Joseph Brennan

Biographical details
- Born: November 15, 1900 Brooklyn, New York, U.S.
- Died: May 10, 1989 (aged 88) New York, New York, U.S.

Playing career
- 1919–1936: Brooklyn Visitations
- Position: Guard

Coaching career (HC unless noted)
- 1941–1948: St. Francis (NY)

Head coaching record
- Overall: 90–46
- Basketball Hall of Fame Inducted in 1975

= Joseph Brennan (basketball) =

American basketball player

Joseph R. Brennan (November 15, 1900 – May 10, 1989) was an American professional basketball player. He is mostly known for his time with the Brooklyn Visitations, which he joined in 1919 and led to three ABL championships (1929, 1931 and 1935). After his playing career, he coached St. Francis College in Brooklyn for 7 seasons from 1941 to 1948. He was elected to the Naismith Memorial Basketball Hall of Fame in 1975.

==Biography==
Joseph R. Brennan was born in Brooklyn on November 15, 1900. He attended High School at St. Augustine Academy and played basketball there for four years. When he graduated in 1919, he went directly to a professional basketball team: the all-Irish Brooklyn Visitations. At the time it was prevalent for players to compete on several teams in different leagues during the same season. As such, during Brennan's 19-year career he also played for Troy, New York of the New York State League, Holyoke, Massachusetts of the Massachusetts League, Philadelphia and Wilkes-Barre both of the Eastern League, and for the Brooklyn Jewels, the Brooklyn Whirlwinds and the Brooklyn Dodgers. The Brooklyn Visitations began in the Metropolitan League but later moved to the ABL. With the Visitations, Brennan won three ABL championships.

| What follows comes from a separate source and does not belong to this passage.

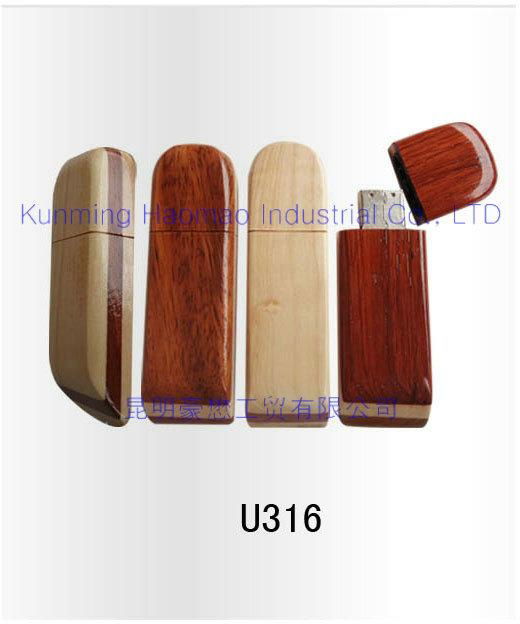 DIY wooden USB Flash disk in 2 colors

In 1936 he retired from professional basketball and began a college basketball coaching career with St. Francis College. Brennan during the 1920s and up until 1961 was an employee at Emigrant Savings Bank. This at times prevented him from playing in road games when he was an active basketball player during the 1920s and 30s. In 1961, when Brennan left Emigrant Savings Bank he was the vice-president and went on to become the president of Atlantic Savings and Loans Association of Brooklyn. He held that post until 1968 when he retired. Seven years later he was named to the Naismith Memorial Basketball Hall of Fame.

==St. Francis College==
During Brennan's seven seasons the Terriers, playing in the Metropolitan New York Conference or as Independents, had a 90–46 record. Brennan has the highest win percentage as a head coach in Terrier basketball history at 66.2%.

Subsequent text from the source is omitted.